FIELD OF THE INVENTION

The present disclosure relates to pothole detection and avoidance and, more particularly, to a system and method for detecting potholes and controlling a subsequent vehicle to avoid the detected potholes.

BACKGROUND

Modern roadways can include many stationary or temporary hazards, such potholes, and debris in the roadway. Potholes not only have a chance of damaging a vehicle driving over the pothole, but also decrease the driver's and passenger's enjoyment of the ride. However, in many cases, potholes might not be detected by the driver and/or the vehicle itself until it is too late to act. Accordingly, it would be desirable to have a system that assists drivers by warning them about upcoming potholes, or other hazards, and assist the driver in navigating around the pothole or other hazard.

BRIEF SUMMARY

In one aspect, a system is provided. The system includes a first vehicle including a plurality of sensors and a first vehicle controller. The system also includes a remote server including at least one processor and at least one memory device. The system further includes a second vehicle including a second vehicle controller. The first vehicle controller is programmed to receive a plurality of information from the plurality of sensors. The first vehicle controller is also programmed to detect an obstacle based on the plurality of information from the plurality of sensors. The first vehicle controller is further programmed to activate at least one rear-facing sensor of the plurality of sensors to capture a recording of the obstacle. In addition, the first vehicle controller is programmed to transmit the recording of the obstacle and a location of the first vehicle. The remote server is programmed to determine a first location of the obstacle based on the recording of the obstacle and the location of the first vehicle. The remote server is also programmed to store the first location of the obstacle. Subsequent to storing the first location of the obstacle, the remote server is programmed to receive a current location of the second vehicle from the second vehicle controller. The remote server is further programmed to compare the current location of the second vehicle to the stored first location of the obstacle to determine if the second vehicle is approaching the first location. If the second vehicle is approaching the first location, the remote server is programmed to transmit information about the obstacle to the second vehicle controller. The second vehicle controller is programmed to receive the information about the obstacle from the remote server. The second vehicle controller is also programmed to adjust operation of the second vehicle to avoid the obstacle. The system may have additional, less, or alternate functionality, including that discussed elsewhere herein.
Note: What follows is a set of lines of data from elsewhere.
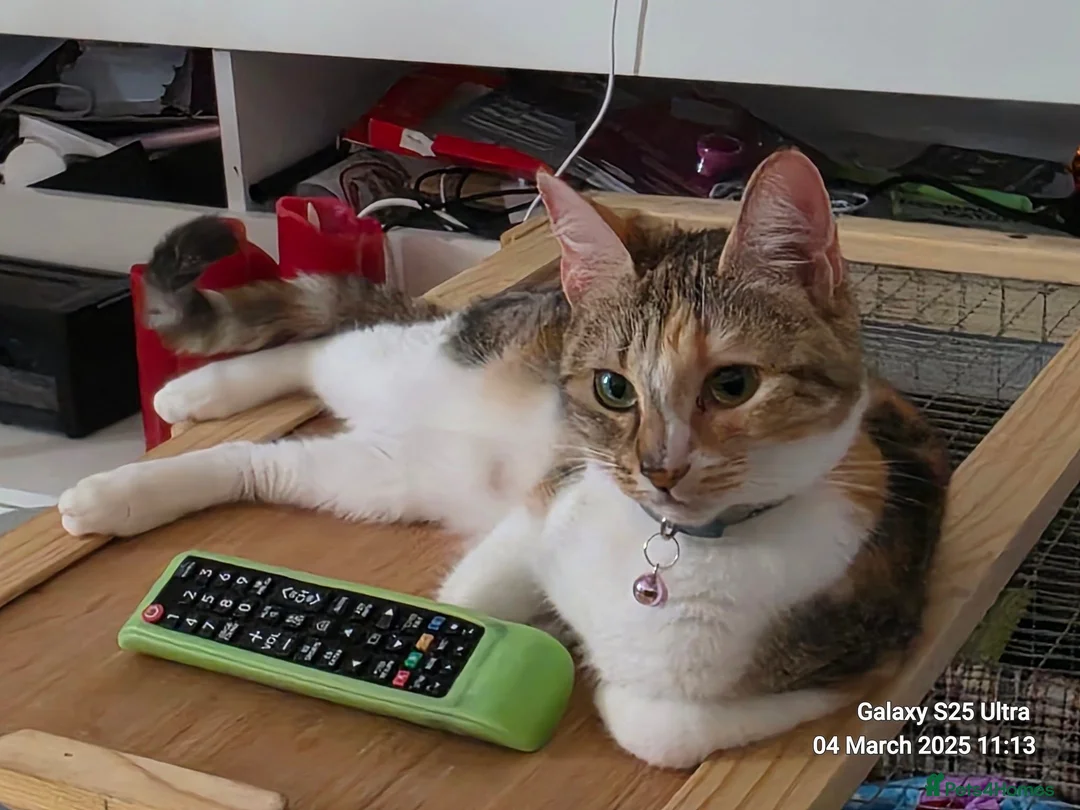 Mixed Breed cats for sale: Beautiful female cat  - Advert 2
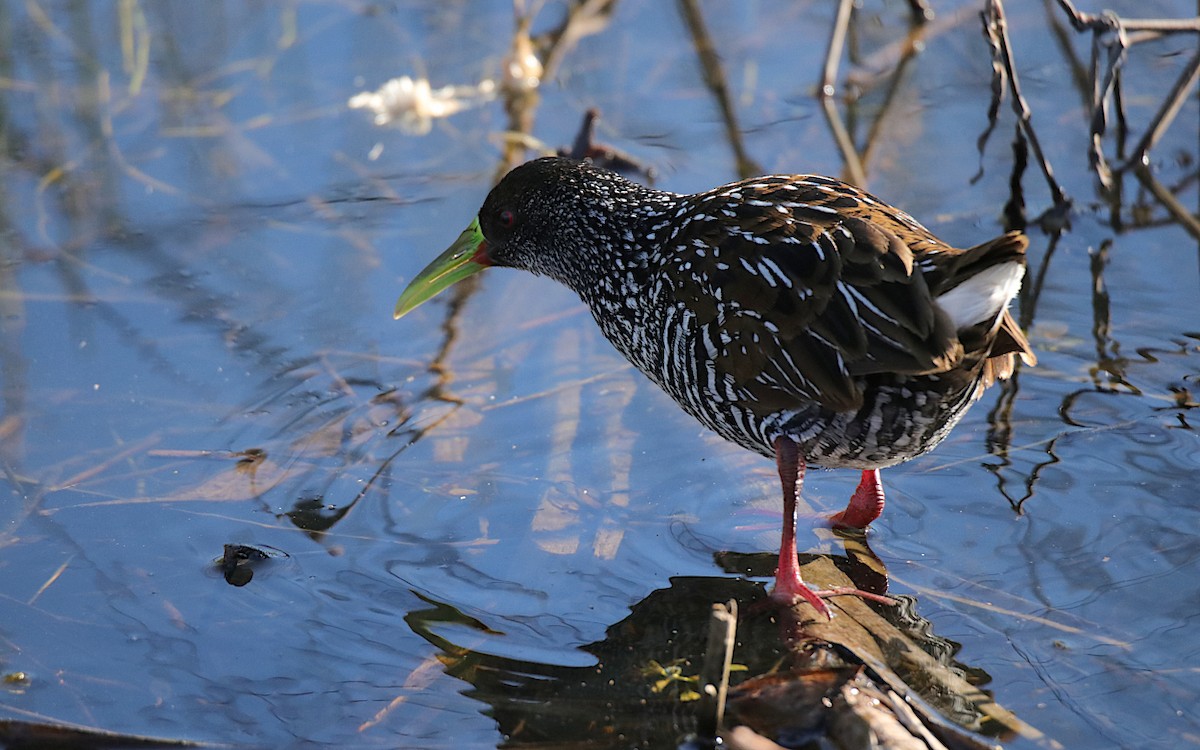 Spotted Rail - ML637570225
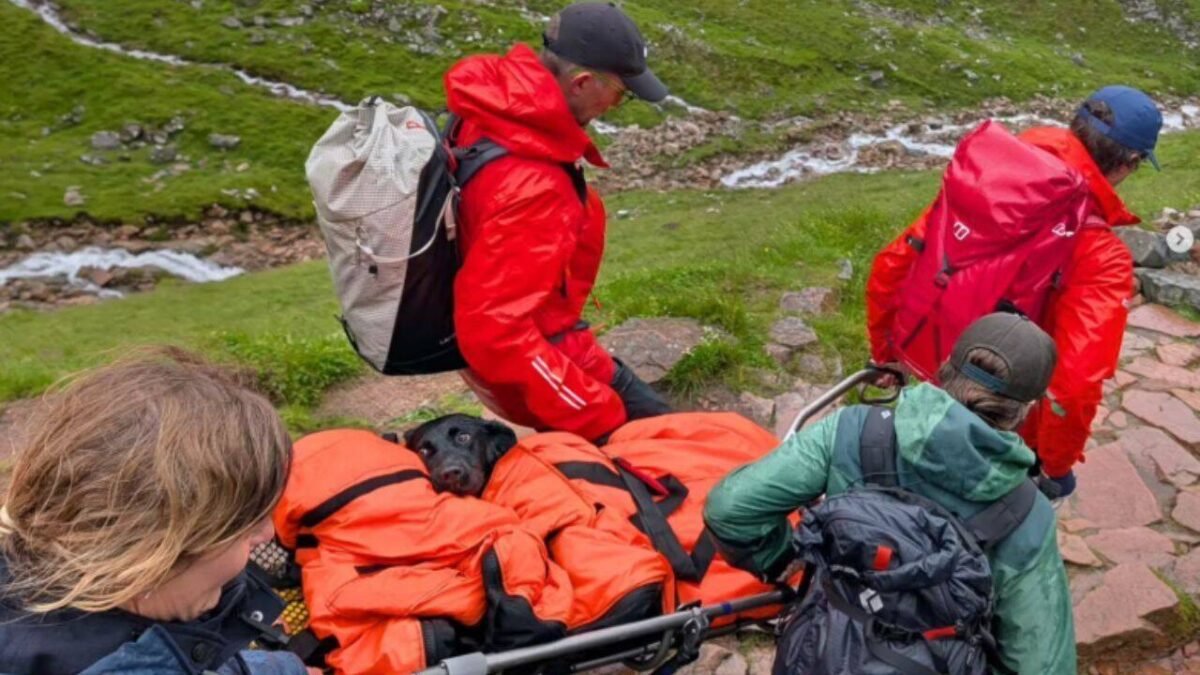 A Labrador started shaking and could no longer walk on Britain's highest mountain; rescuers later discovered what she had eaten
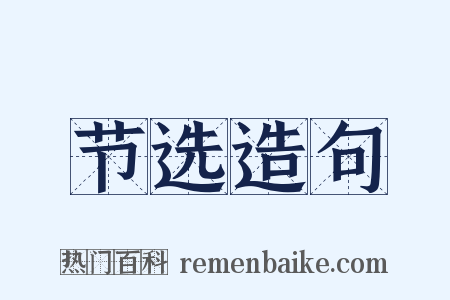 节选造句是什么意思的图片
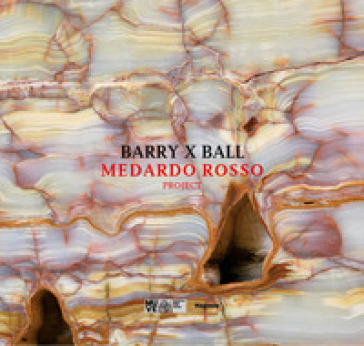 Barry x Ball. Medardo Rosso project. Ediz. italiana e inglese - Elisabetta Barisoni - Francesco Guzzetti - David Raskin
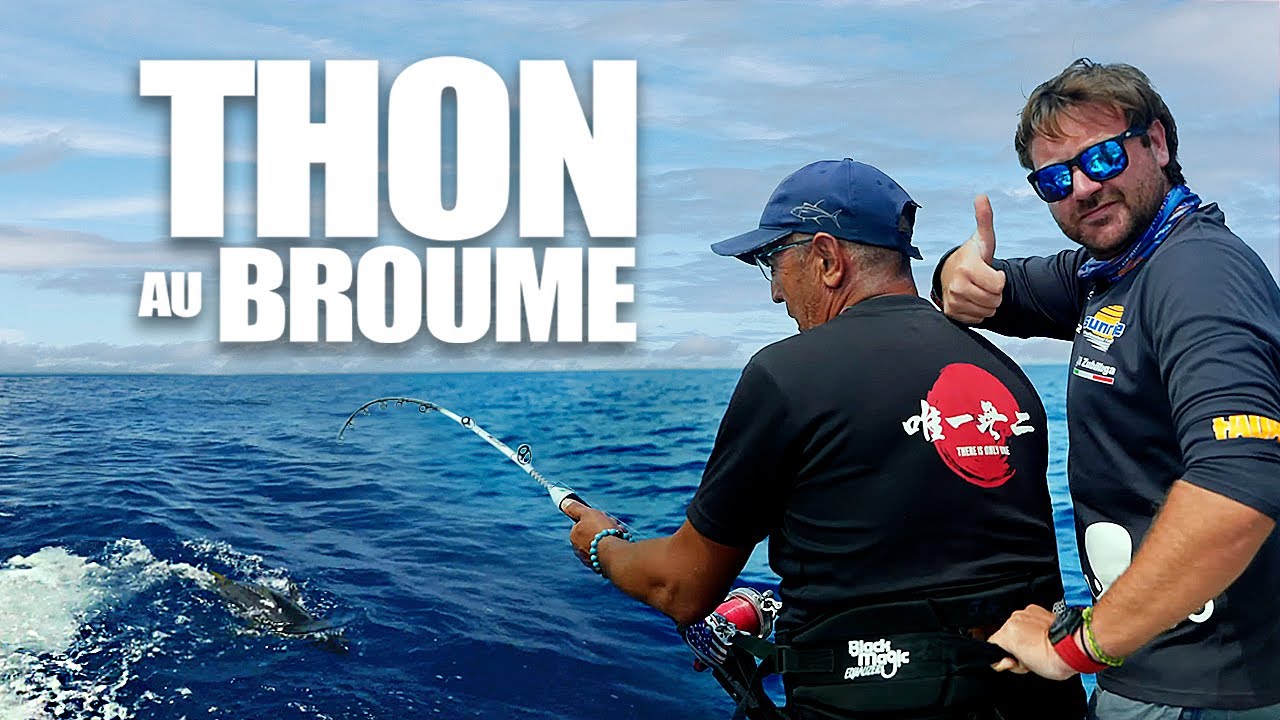 Pêche du thon rouge au broumé en Méditerranée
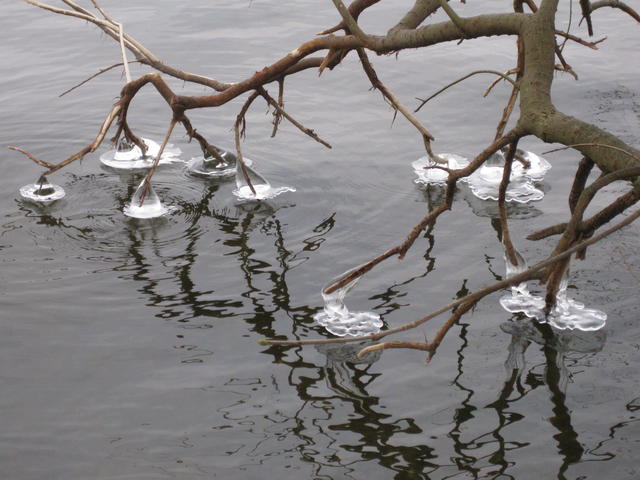 Close up of an icicle - free image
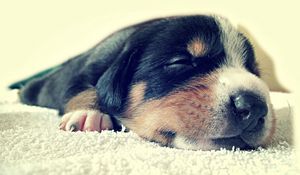 Preview wallpaper puppy, face, sleep, spotted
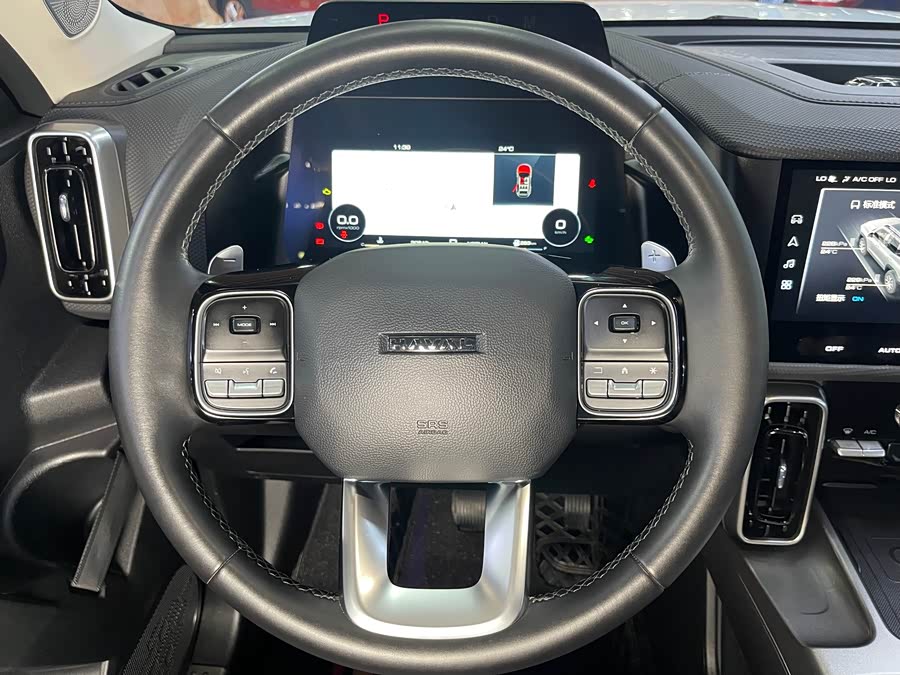 Haval Dog 2022 2.0T DCT 4WD Chinese Rural Dog Edition - zdjęcie 11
In another aspect, a computer device is provided. The computer device includes at least one memory and at least one processor in communication with the at least one memory. The computer device is in communication with a first vehicle controller associated with a first vehicle and further in communication with a second vehicle controller associated with a second vehicle. The at least one processor is programmed to receive a recording and location information of an obstacle from the first vehicle controller. The recording includes at least one of video or a plurality of images of the obstacle in a roadway. The at least one processor is also programmed to determine a first location of the obstacle based on the recording of the obstacle and the location of the first vehicle. The at least one processor is further programmed to store the first location of the obstacle. Subsequent to storing the first location of the obstacle, the at least one processor is programmed to receive a current location of the second vehicle from the second vehicle controller. In addition, the at least one processor is programmed to compare the current location of the second vehicle to the stored first location of the obstacle to determine if the second vehicle is approaching the first location. If the second vehicle is approaching the first location, the at least one processor is programmed to transmit information about the obstacle to the second vehicle controller, wherein the second vehicle controller is programmed to adjust operation of the second vehicle to avoid the obstacle. The computer device may have additional, less, or alternate functionality, including that discussed elsewhere herein.

Advantages will become more apparent to those skilled in the art from the following description of the preferred embodiments which have been shown and described by way of illustration. As will be realized, the present embodiments may be capable of other and different embodiments, and their details are capable of modification in various respects. Accordingly, the drawings and description are to be regarded as illustrative in nature and not as restrictive.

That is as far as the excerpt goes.